I have had some friends and family ask me about how a CD ladder works. I am currently holding one with part of my emergency fund. They are a great investment tool to utilize to keep your average interest rate up over the years. You won't always get the best rate but you will consistently get a good rate.

Here is an example that I started back in September of 2008 with ING Direct. They actually have the ability to create a ladder on their site and you can pick the maturities. It is very easy to use and great for someone starting out. Always check rates at other banks as convenience usually costs you in the form of lower rates. They were the best rates I could find at the time for the amount I could invest.

1 year @ 4.00%
2 years @ 4.00%
3 years @ 4.00%
4 years @ 4.00%
5 years @ 4.25%

These are very good rates that I locked in before they dropped off. Normally you would roll each maturing CD into another 5 year CD (which typically has higher rates than the shorter terms). This, in turn, means you maintain a good rate over the long haul. After the 5th year you will be holding all 5 year CD's with each maturing every year in turn.

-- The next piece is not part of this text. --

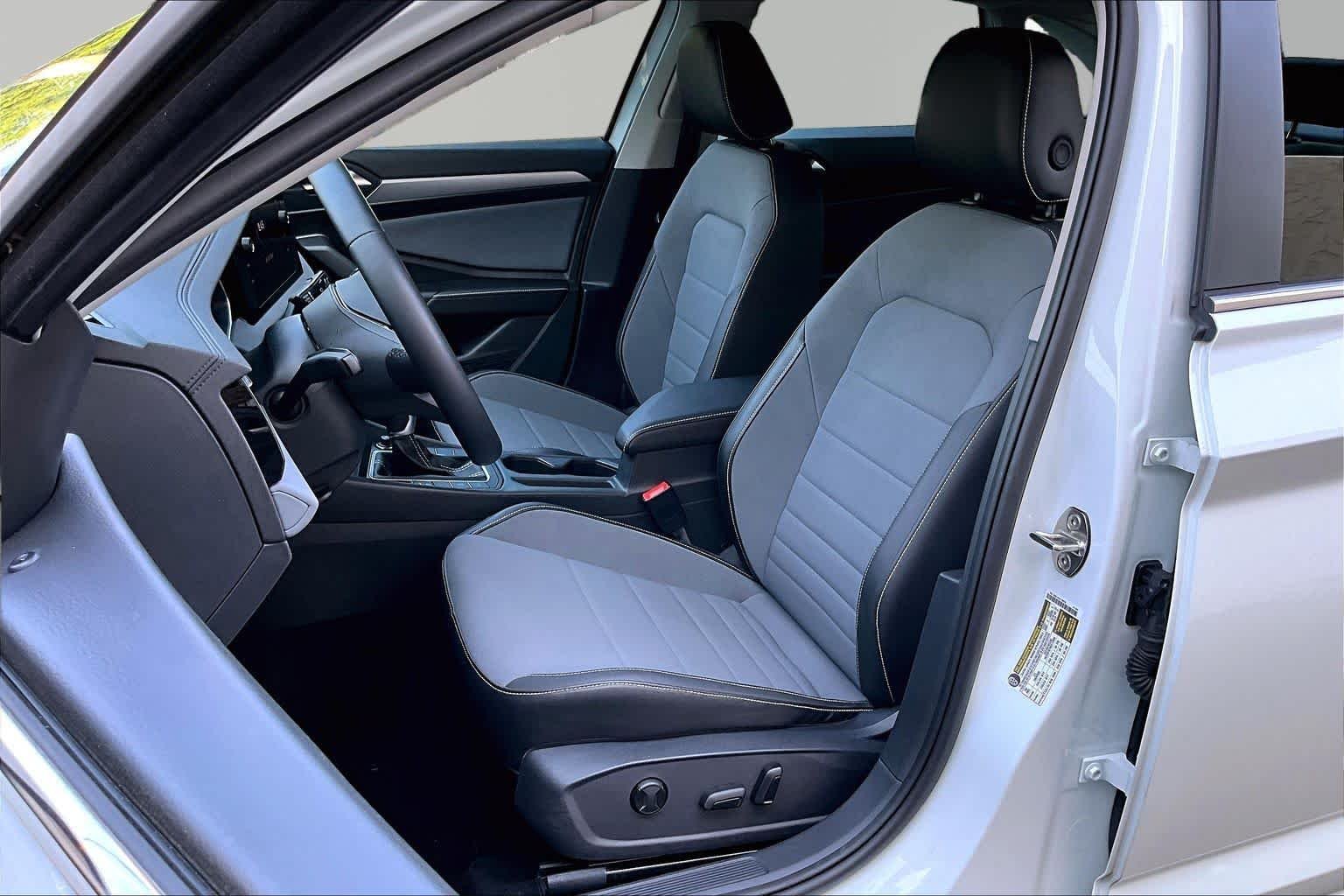 Used 2025 Opal White Pearl Volkswagen SE image 8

My one year is maturing on September 8th of this year and they are offering 1.65%. That is barely more than my current savings rate so I will move it over my savings until rates rise. If rates were better I would have rolled into another 5 year CD. I do admit that I am a bit of an interest rate chaser and want better than a "good" return.

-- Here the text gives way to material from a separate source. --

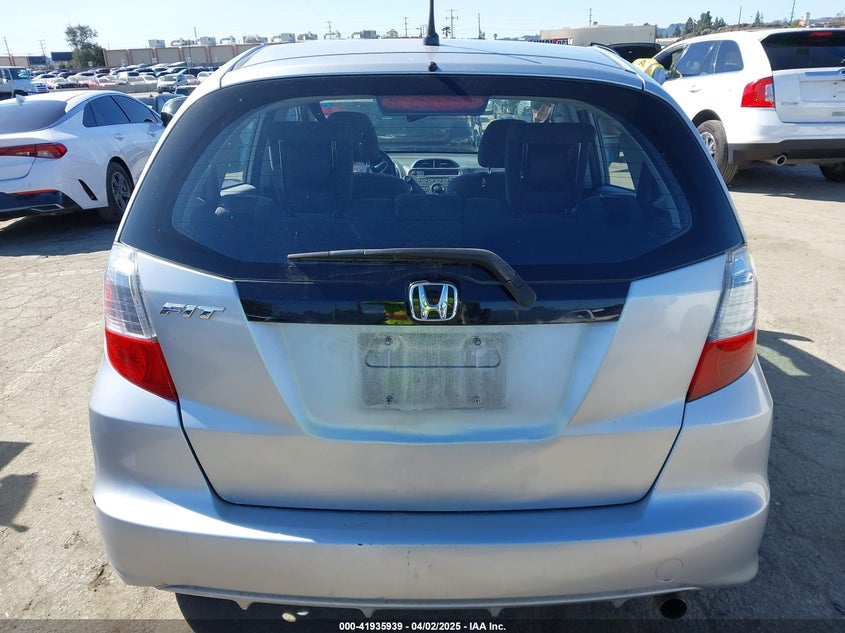 2012 HONDA FIT VIN: JHMGE8H35CC025295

I am using part of my emergency fund to invest in this ladder as I am banking on not needing it in the near future. One must be careful here as the penalties for early withdrawal can be steep! My current ING CD's would cost 3 months interest to take out early except for the 5 year which would take 6 months. This can really add up on a large amount of money and you can actually take a loss if you withdraw quickly after openeing.